Alan Blinder, a distinguished economics professor at Princeton and former vice chair of the Federal Reserve, has recently launched a broadside attack on the recently enacted tax-cut legislation. According to him, it favors corporations and not people; it favors the rich; and it “blows a large hole in the federal budget.”
He also claims that it “complexified” (that’s his word) the code rather than simplifying it, is not “distributionally neutral” and thrusts a “dagger into the heart of Obamacare.”
Professor Blinder seems to be shilling for the leaders of the Democratic Party, perhaps in hopes of being rewarded if it captures the White House in 2020. He may consider Treasury secretary or chair of the Federal Reserve as an appropriate reward for exchanging objectivity for ideology.
The charge about favoring corporations turns a fact on its head. The new law brings the corporate tax rate more in line with our competitors instead of keeping one of the highest in the developed world. The changes in corporate law also eliminate double taxation by adopting a territorial system and provides a strong incentive to repatriate $2 trillion that is being held overseas. So, yes it did favor corporations but in a way that will benefit the economy, which includes people.

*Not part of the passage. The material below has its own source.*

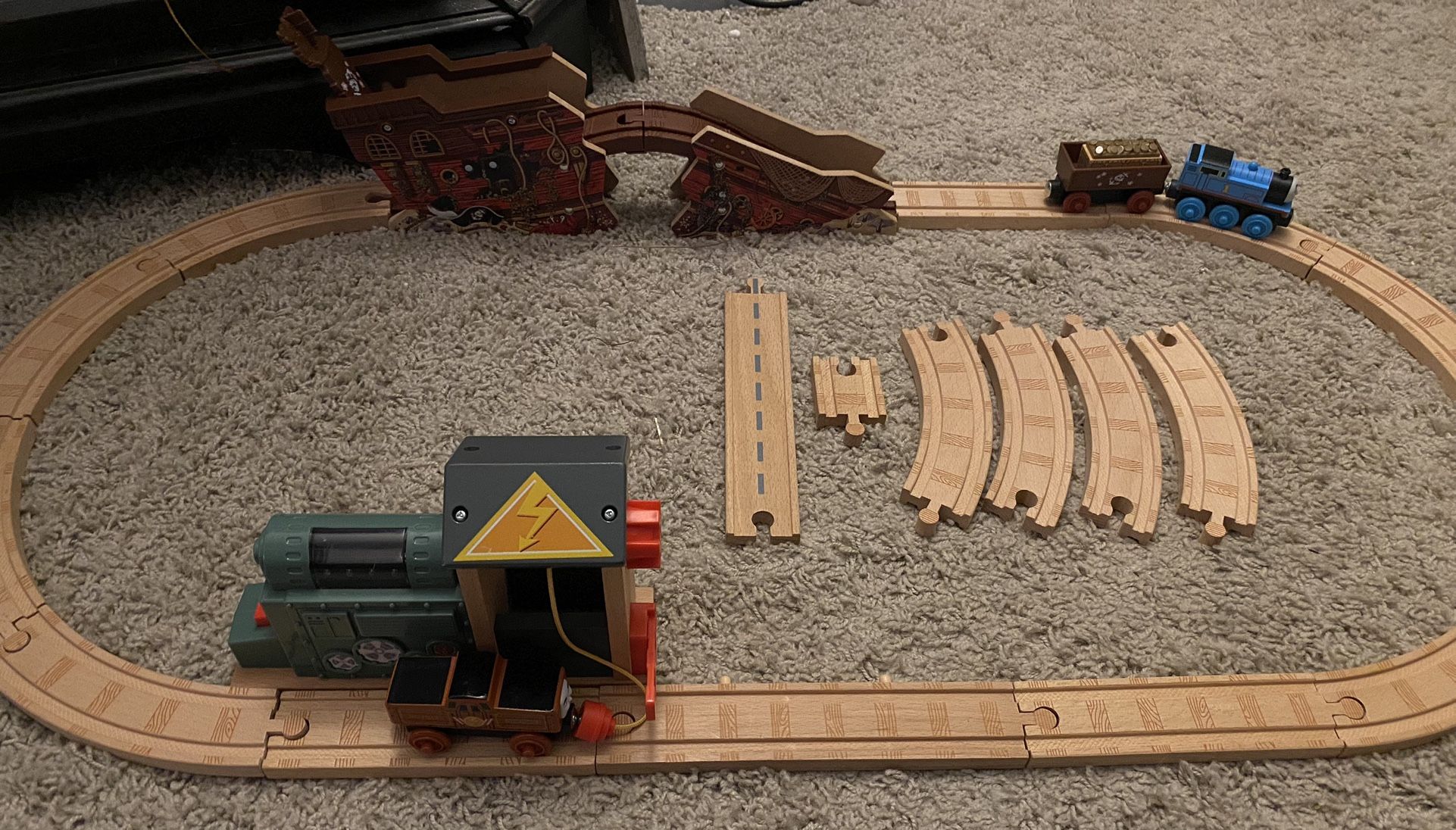 Bundle Of 2 Thomas The Train And Friends Rare Wooden Play sets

To believe Professor Blinder’s charges you would have to believe that corporations are going to put all of their increased revenue in a mattress and do nothing with it or pass out financial rewards that are also put in mattresses instead of being used. That’s nonsense.

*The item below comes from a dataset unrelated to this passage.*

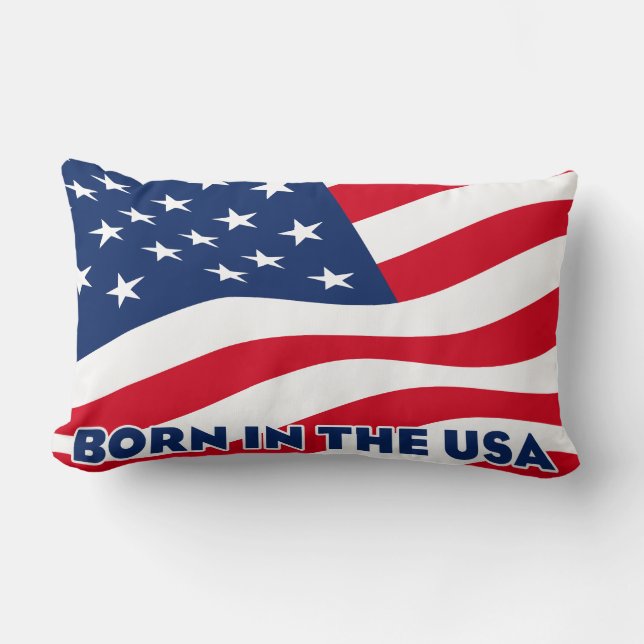 Coussin Rectangle Né aux États-Unis (Recto)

Corporations now have increased incentives to invest here instead of in other countries. Increased investment will create jobs and higher wages. Even in the short-run if corporations focus on stock buybacks, some investors will sell their holdings and either spend or reinvest their profits. Pension funds will increase in value and retiring workers will have larger pensions. Corporations might also choose to increase dividends that make shareholders better off. One way or the other, the increased revenue will circulate, and that will produce benefits.
Professor Blinder should review his profession’s literature to clarify his understanding of the beneficiaries of tax cuts. An article by the National Bureau of Economic Research concludes that the benefits accrue almost equally to companies and their shareholders and workers. A National Review article on the benefits of tax-law changes also included a summary of the economic literature that strongly contradicts Blinder’s allegations.
As for his comments about individual tax reform, he again is blowing hot air. To begin with, doubling the standard exemption will reduce the number of taxpayers who itemize. That is currently 40 million taxpayers according to the IRS. Couples, for example, who have deductions up to $24,000 can file on a simpler form, saving both time and money if they use a tax preparer. That is simplification. It is not as much as many would like but it is a step in the right direction.
Presently, 45 percent of taxpayers pay no federal tax and about 10 percent pay 70 percent of personal tax revenue. That skewed distribution makes increasing progressivity an illusion and guarantees that any reduction in rates will benefit those who are in the higher tax brackets since they pay most of the taxes. So, when Professor Blinder complains about a lack of progressivity, he is engaging in political rhetoric.
Estimates of the effect of this legislation on economic growth and the deficit are just that — estimates based on models that don’t have the best record for accuracy. What is certain is that workers and companies will be able to keep more of the money that they earn instead of sending it to the federal government.
If Professor Blinder is really interested in shrinking the deficit, he should be advocating for a major reorganization of the executive branch, along the lines of the 1947 Hoover Commission and changes in Social Security to make it more self- sustaining and reflective of today’s work force and life expectancy.